Questa percentuale è alta e rende l’Italia vulnerabile alle fughe verso la qualità e ai picchi dell’avversione al rischio su scala globale: tuttavia, solo la Spagna registra una quota estera più bassa, mentre il peso degli stranieri va oltre il 50% nel caso dei titoli di stato di Grecia, Germania, Irlanda, Francia e Portogallo, stando a un recente rapporto di Citigroup.

Per i trader e gli investitori istituzionali, la gestione del debito conta e può rappresentare una marcia in più o un handicap. Per l’Italia è un «più» e non un «meno». Resta il fatto che il debito/Pil italiano viaggia verso il 120%, un livello molto alto e preoccupante, tra i più elevati in Eurolandia e nel mondo. E proprio di recente, tra le note fragilità del sistema-Italia, oltre alle carenze in riforme strutturali e alla perdita di competitività, al nanismo delle imprese e alla lentezza della giustizia, all’onerosa pressione fiscale e al pesante fardello del costo del debito pubblico, al grado imbarazzante di corruzione e malavita e al problema irrisolto della questione meridionale, i mercati hanno aggiunto l’instabilità politica. Nella speranza che questo ultimo punto non scali posti in classifica, ingigantendosi nell’era del post-Berlusconismo.

Ma è con i fondamentali che l’Italia riesce a controbilanciare il debito/Pil e quell’instabilità, distinguendosi e dissociandosi dal gruppo dei "periferici" che sono Spagna, Irlanda, Grecia e Portogallo. I numeri parlano da soli. Senza andare a guardare troppo lontano, il deficit/Pil atteso quest’anno in Italia è al 5% contro il 32% dell’Irlanda, il 9,3% della Spagna, il 7,8% della Grecia, il 7,7% della Francia e il 7,3 del Portogallo. L’anno scorso, l’avanzo primario italiano non è arrivato a -1%, una lieve flessione rispetto ai crolli dei disavanzi primari "periferici" (si veda il grafico in questa stessa pagina).

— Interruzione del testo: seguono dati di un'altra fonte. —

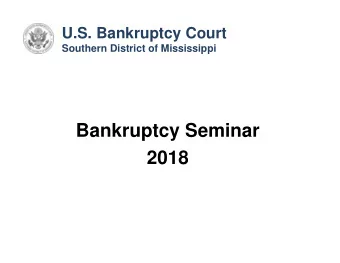 Bankruptcy Seminar  2018  U.S. Bankruptcy Court  Southern District of Mississippi  Disclaimer:  The
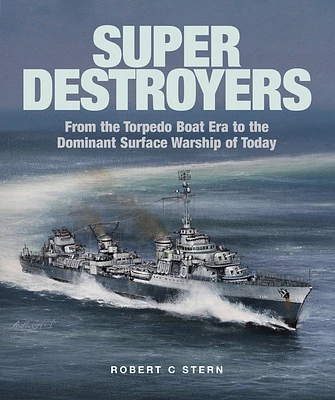 Super Destroyers: From the Torpedo Boat Era to the Dominant Surface Warship of Today (Hardcover)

Il debito/Pil dell’Italia sale e questo trend è preoccupante e va invertito al più presto in maniera strutturale: ma passa da una media degli ultimi 5 anni del 108% al 119-120% nel 2011, molto meno dunque del salto di Irlanda (dal 37% al 104%), Grecia (dal 102% al 145%), Francia (dal 68% al 93%), Spagna (dal 42% al 73%). Il mercato si preoccupa guardando alle tendenze e all’intensità dei trend: anche in questo l’Italia ha mostrato di stare meglio di molti altri stati europei e di avere bisogno di correzioni dei conti pubblici più timide. Ma non può sottrarsi allo stesso rigore, disciplina fiscale e responsabilità nella gestione dei conti pubblici che è sempre più la regola generale per l’intera eurozona.

Guardando oltre i conti pubblici, l’Italia riesce a mettere a segno punti di forza in settori dove altri paesi europei hanno mostrato segni di debolezza. Il debito privato italiano è relativamente basso: il 42% del Pil nel 2009 contro il 64% della media europea. La ricchezza delle famiglie italiane è in declino ma è più consistente di quella di altri stati europei.

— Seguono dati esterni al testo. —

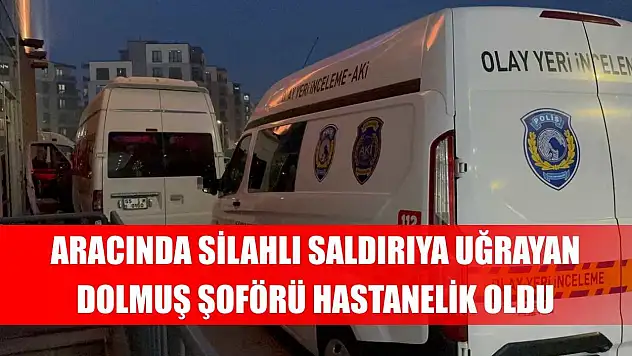 Aracında silahlı saldırıya uğrayan dolmuş şoförü hastanelik oldu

L’Italia, avendo una spesa pensionistica estremamente pesante in percentuale del Pil, è intervenuta prima di altri per correggerla (si veda il grafico, sempre in questa pagina). Gli investitori istituzionali esteri che continuano ad acquistare i BTp riconoscono all’Italia l’assenza di alcuni tipi di "event-risk" come lo scoppio della bolla speculativa immobiliare e il fallimento di banche. Ma resta il rischio politico.